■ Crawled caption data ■
______
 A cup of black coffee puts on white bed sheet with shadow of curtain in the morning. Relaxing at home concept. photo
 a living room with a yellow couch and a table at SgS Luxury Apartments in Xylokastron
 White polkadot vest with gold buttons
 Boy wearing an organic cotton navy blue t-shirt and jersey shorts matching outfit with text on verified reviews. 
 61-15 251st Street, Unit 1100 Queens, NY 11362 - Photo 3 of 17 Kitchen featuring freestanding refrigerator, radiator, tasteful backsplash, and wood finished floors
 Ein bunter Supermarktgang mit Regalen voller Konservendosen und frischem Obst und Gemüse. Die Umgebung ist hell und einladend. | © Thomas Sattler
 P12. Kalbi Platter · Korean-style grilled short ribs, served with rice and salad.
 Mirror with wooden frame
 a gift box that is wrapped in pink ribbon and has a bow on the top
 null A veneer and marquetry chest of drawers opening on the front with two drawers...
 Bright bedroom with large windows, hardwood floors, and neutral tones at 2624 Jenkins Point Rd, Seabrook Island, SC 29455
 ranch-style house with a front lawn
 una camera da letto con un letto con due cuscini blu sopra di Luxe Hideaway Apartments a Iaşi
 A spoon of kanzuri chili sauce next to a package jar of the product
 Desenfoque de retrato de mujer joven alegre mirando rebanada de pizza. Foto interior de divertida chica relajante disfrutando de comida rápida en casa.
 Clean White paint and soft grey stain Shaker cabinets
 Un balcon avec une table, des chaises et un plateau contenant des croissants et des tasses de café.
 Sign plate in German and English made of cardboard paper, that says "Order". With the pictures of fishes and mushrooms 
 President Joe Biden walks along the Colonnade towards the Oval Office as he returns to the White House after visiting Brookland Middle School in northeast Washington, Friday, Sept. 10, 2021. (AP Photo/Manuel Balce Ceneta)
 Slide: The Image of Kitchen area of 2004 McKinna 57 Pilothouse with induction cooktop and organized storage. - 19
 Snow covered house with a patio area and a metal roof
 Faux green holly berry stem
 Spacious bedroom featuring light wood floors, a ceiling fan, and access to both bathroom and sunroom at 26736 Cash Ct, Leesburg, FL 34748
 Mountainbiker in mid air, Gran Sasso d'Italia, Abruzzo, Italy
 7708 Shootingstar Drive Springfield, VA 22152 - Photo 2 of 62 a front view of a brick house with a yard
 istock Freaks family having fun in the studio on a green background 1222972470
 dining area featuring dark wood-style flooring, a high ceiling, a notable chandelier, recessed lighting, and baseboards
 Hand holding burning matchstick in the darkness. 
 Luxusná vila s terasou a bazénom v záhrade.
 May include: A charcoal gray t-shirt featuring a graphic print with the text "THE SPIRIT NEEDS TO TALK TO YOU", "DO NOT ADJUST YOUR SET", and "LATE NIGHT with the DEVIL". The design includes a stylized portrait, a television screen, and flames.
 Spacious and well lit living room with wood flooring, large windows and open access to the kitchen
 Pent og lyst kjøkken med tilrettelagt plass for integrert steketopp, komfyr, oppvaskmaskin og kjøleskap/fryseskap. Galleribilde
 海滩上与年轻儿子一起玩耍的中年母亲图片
______
■ Problem ■
Copy the entries exactly, leaving no line out.

■ Completed exercise ■
 A cup of black coffee puts on white bed sheet with shadow of curtain in the morning. Relaxing at home concept. photo
 a living room with a yellow couch and a table at SgS Luxury Apartments in Xylokastron
 White polkadot vest with gold buttons
 Boy wearing an organic cotton navy blue t-shirt and jersey shorts matching outfit with text on verified reviews. 
 61-15 251st Street, Unit 1100 Queens, NY 11362 - Photo 3 of 17 Kitchen featuring freestanding refrigerator, radiator, tasteful backsplash, and wood finished floors
 Ein bunter Supermarktgang mit Regalen voller Konservendosen und frischem Obst und Gemüse. Die Umgebung ist hell und einladend. | © Thomas Sattler
 P12. Kalbi Platter · Korean-style grilled short ribs, served with rice and salad.
 Mirror with wooden frame
 a gift box that is wrapped in pink ribbon and has a bow on the top
 null A veneer and marquetry chest of drawers opening on the front with two drawers...
 Bright bedroom with large windows, hardwood floors, and neutral tones at 2624 Jenkins Point Rd, Seabrook Island, SC 29455
 ranch-style house with a front lawn
 una camera da letto con un letto con due cuscini blu sopra di Luxe Hideaway Apartments a Iaşi
 A spoon of kanzuri chili sauce next to a package jar of the product
 Desenfoque de retrato de mujer joven alegre mirando rebanada de pizza. Foto interior de divertida chica relajante disfrutando de comida rápida en casa.
 Clean White paint and soft grey stain Shaker cabinets
 Un balcon avec une table, des chaises et un plateau contenant des croissants et des tasses de café.
 Sign plate in German and English made of cardboard paper, that says "Order". With the pictures of fishes and mushrooms 
 President Joe Biden walks along the Colonnade towards the Oval Office as he returns to the White House after visiting Brookland Middle School in northeast Washington, Friday, Sept. 10, 2021. (AP Photo/Manuel Balce Ceneta)
 Slide: The Image of Kitchen area of 2004 McKinna 57 Pilothouse with induction cooktop and organized storage. - 19
 Snow covered house with a patio area and a metal roof
 Faux green holly berry stem
 Spacious bedroom featuring light wood floors, a ceiling fan, and access to both bathroom and sunroom at 26736 Cash Ct, Leesburg, FL 34748
 Mountainbiker in mid air, Gran Sasso d'Italia, Abruzzo, Italy
 7708 Shootingstar Drive Springfield, VA 22152 - Photo 2 of 62 a front view of a brick house with a yard
 istock Freaks family having fun in the studio on a green background 1222972470
 dining area featuring dark wood-style flooring, a high ceiling, a notable chandelier, recessed lighting, and baseboards
 Hand holding burning matchstick in the darkness. 
 Luxusná vila s terasou a bazénom v záhrade.
 May include: A charcoal gray t-shirt featuring a graphic print with the text "THE SPIRIT NEEDS TO TALK TO YOU", "DO NOT ADJUST YOUR SET", and "LATE NIGHT with the DEVIL". The design includes a stylized portrait, a television screen, and flames.
 Spacious and well lit living room with wood flooring, large windows and open access to the kitchen
 Pent og lyst kjøkken med tilrettelagt plass for integrert steketopp, komfyr, oppvaskmaskin og kjøleskap/fryseskap. Galleribilde
 海滩上与年轻儿子一起玩耍的中年母亲图片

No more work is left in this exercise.